During
2004 and 2005, we identified the remaining high-quality prairies, forests, and
other natural areas in Douglas, Johnson, Leavenworth, Miami, and Wyandotte Counties.
We used remote sensing, recent and historical aerial photography, and our knowledge of previously mapped sites in the Kansas Natural Heritage Inventory database to identify potential natural areas for this study. We then drove all roads in each of the five counties to find additional locations of high-quality prairies and forests. We were especially interested in finding promising sites of 5 acres or more.
Once
we received permission from a landowner to survey a tract of land, our field
crews collected information at each site, including a description of the vegetative
community and the names of all plant species found.
High-quality
natural areas are plant communities that closely resemble the native tallgrass
prairies and oak-hickory forests that existed before European settlement. In
presettlement times, most of this area was prairie. As settlers arrived, they
plowed prairies to plant crops, cut down forests along riverbanks, and suppressed
fires in the grasslands.
Suppression of fire led to woody growth in the prairies; creation of farmland also reduced prairie acreage.
In the 1850s, prairie covered
most of the area in Douglas, Johnson, Leavenworth, Miami, and Wyandotte Counties.
Our project has determined
just how little of that prairie remains, as Table 1 shows.
County |
1850s
Prairie Acreage |
1850s
Estimated Percent of High-Quality Prairie |
2005 Prairie Acreage |
2005 |
Douglas |
285,158 |
94% |
1,395 |
0.5% |
Miami |
332,214 |
90% |
941 |
0.3% |
Johnson |
256,318 |
84% |
16 |
0.006% |
Leavenworth |
271,872 |
90% |
475 |
0.17% |
Wyandotte |
76,320 |
75% |
None |
None |
Note.—Data for the 1850s are from the Kansas State Board of Agriculture (1877). The data for 2005 are for parcels greater than 5 acres that the Kansas National Heritage Inventory has identified or confirmed remain (see Section 4 in the full report).
The primary natural areas
in these five counties are prairie and forest plant communities. Of 251 prairie
sites we visited in the area, we found 126 high-quality prairies larger than
5 acres each. We found 24 high-quality forest sites, most of which were larger
than 10 acres each. These findings, added to previous documentation, results
in a total of 166 high-quality prairie sites and 38 high-quality forests that
are documented in the Kansas National Heritage Inventory database for the 5-county
area.
High-quality prairie communities include Unglaciated Tallgrass Prairie, Glaciated Tallgrass Prairie, and Low (Wet) Prairie. High-quality forest communities include Oak-Hickory Forest, Ash-Elm-Hackberry Forest, Cottonwood-Sycamore Floodplain Forest, Cross Timbers-Post Oak Woodland, and Maple-Basswood Forest.
Each high-quality plant community found is capable of sustaining known or possible rare species of interest. Specifically, we found Regal fritillary butterflies at 76 sites in the inventory, as well as Red-shouldered hawks, Broad-winged hawks, Red-eyed vireos, and Prairie mole crickets.
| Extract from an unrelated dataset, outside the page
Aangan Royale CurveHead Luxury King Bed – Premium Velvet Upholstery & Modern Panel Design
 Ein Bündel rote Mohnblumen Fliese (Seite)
In addition, we found 29 previously unknown populations of Mead's milkweed, a federally protected species that is listed as threatened, and we confirmed the continued presence of 6 previously known populations as well. These findings, added to previous documentation, results in a total of 87 populations of Mead's milkweed that are documented in the Kansas Natural Heritage Inventory database for the five-county area.
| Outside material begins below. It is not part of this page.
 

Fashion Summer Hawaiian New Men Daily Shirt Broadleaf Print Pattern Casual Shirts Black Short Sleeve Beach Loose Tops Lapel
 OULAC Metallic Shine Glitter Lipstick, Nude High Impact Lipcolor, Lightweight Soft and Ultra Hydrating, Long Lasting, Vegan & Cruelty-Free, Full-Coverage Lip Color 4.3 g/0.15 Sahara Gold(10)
We calculated the percentages of remaining high-quality native prairie in each county and compared them to the estimates of native prairie present in the 1850s. We found that by 2005, native prairie was 0.5% of Douglas County (94% in the 1850s), 0.3% of Miami County (90% in the 1850s), 0.006% of Johnson County (84% in the 1850s), 0.17% of Leavenworth County (90% in the 1850s), and 0.0% of Wyandotte County (75% in the 1850s).
Of
significant concern, we are able to document that Douglas County has lost 29%
of its acreage of its high-quality tallgrass prairie remnants (the hay meadows)
during the last 17 years. This documentation also demonstrates the need for
protection of some of these remaining sites.
We have provided county maps showing the locations of remaining high-quality prairies and forests in the five-county area. We suggest several management recommendations for landowners and opportunities for both landowners and planning commissions to conserve some of their biologically rich tracts of land.